The broadcast was the second in a series to be aired on Iranian state television about Ms Zaghari-Ratcliffe. Last Thursday, a seven-minute report included close-ups of an April 2010 pay stub from her previous employer, the BBC World Service Trust.

It also included an e-mail from June 2010 in which she wrote about the "ZigZag Academy," a BBC World Service Trust project in which the trust trained "young aspiring journalists from Iran and Afghanistan through a secure online platform".

The broadcast made a point to highlight Mr Johnson’s remarks about Ms Zaghari-Ratcliffe "training journalists", even though the foreign secretary had later corrected himself.

Ms Zaghari-Ratcliffe left the BBC in 2011 and then joined the Thomson Reuters Foundation, the charitable arm of the news agency. Both her husband and Thomson Reuters have repeatedly stressed that she was not training journalists or involved in any work regarding Iran while there.

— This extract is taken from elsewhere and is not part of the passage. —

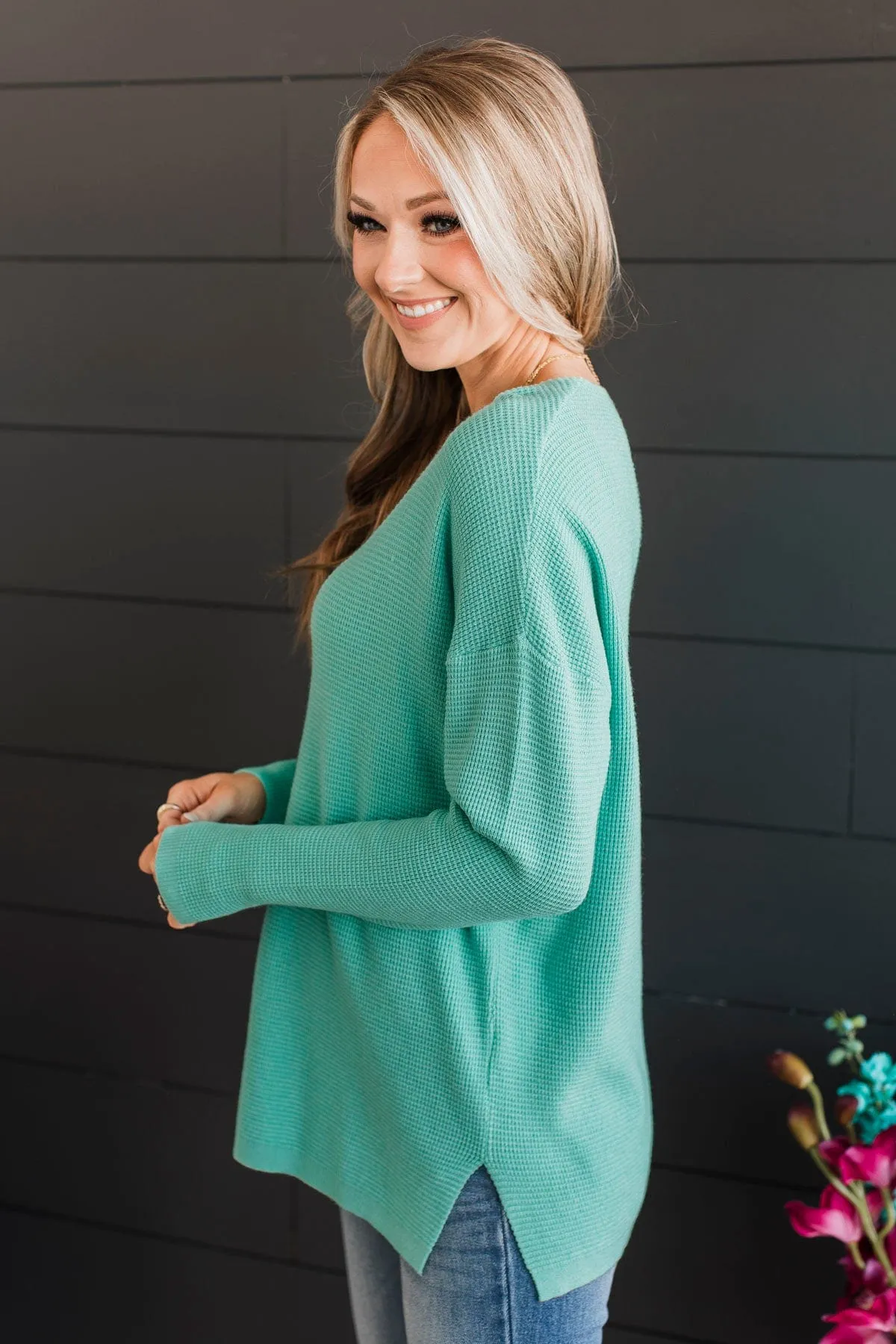 Here Together V-Neck Sweater- Mint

Speaking on Saturday, Mr Ratcliffe said the latest TV reports seemed timed to build up the case against his wife ahead of her next court appearance, as well as to exert as much pressure as possible on the British government.

“It’s clearly a very cynical attempt to try and make her out to be some important British spy,” he said. “I don’t know if that’s to try and justify her new court case or to put pressure on the British government, because the foreign secretary is planning to go to Iran fairly soon. It’s probably both.”

It comes following reports that Britain is considering making a £400 million (Dh1.96bn) payment to Tehran, in a diplomatic effort at improving the 38-year-old's chances of release.

Mr Ratcliffe said his wife’s role at Training Station was to translate training course modules into Farsi, but that the texts never appear to have been used.

He added that the material shown in both broadcasts would have been obtained by investigators from the hard-line Revolutionary Guard, who immediately gained access to all her email accounts after her arrest.

“From what they’ve put on TV [on Thursday], they’ve linked it to the BBC stuff before and also to Thomson Reuters, to try and make it into some big global conspiracy,” he said. “Way back from the beginning of the allegations, they’ve tried to make it seem as though she’s involved in this big secret global network of spies, and so they just keep on spinning that story in different forms.”

“It’s crazy, crazy stuff,” he said, adding that he would be complaining directly to the Iranian embassy.

Ms Zaghari-Ratcliffe collapsed, had a panic attack, and had to be injected with a vitamin B complex and a sedative to calm her down after seeing the broadcast last week. Mr Ratcliffe expressed concerns over the potential impact that this latest news would have on his wife, with a third episode of the series expected to be broadcast next Thursday.

Hopes had been raised that Ms Zaghari-Ratcliffe could be eligible for early release after the Iranian authorities ordered a health assessment, amid fears she is on the verge of a nervous breakdown.

Mr Ratcliffe said the family was trying to stay hopeful despite the stream of accusations from Iran.

“On the one hand, we’re hearing all those noises, saying she might be out soon. On the other hand, state broadcasters are putting out all this really aggressive propaganda saying that she’s the head of a network of spies – not even just a spy – and she’s being taken to court for a second time… It all just feels incredibly political.”

Mr Ratcliffe said he was “pretty sure” that Mr Johnson would be going out to Iran in the coming weeks, although it is not yet clear whether he will be able to join the foreign secretary on the trip. “I’m still hopeful… I haven’t given up hope,” he said.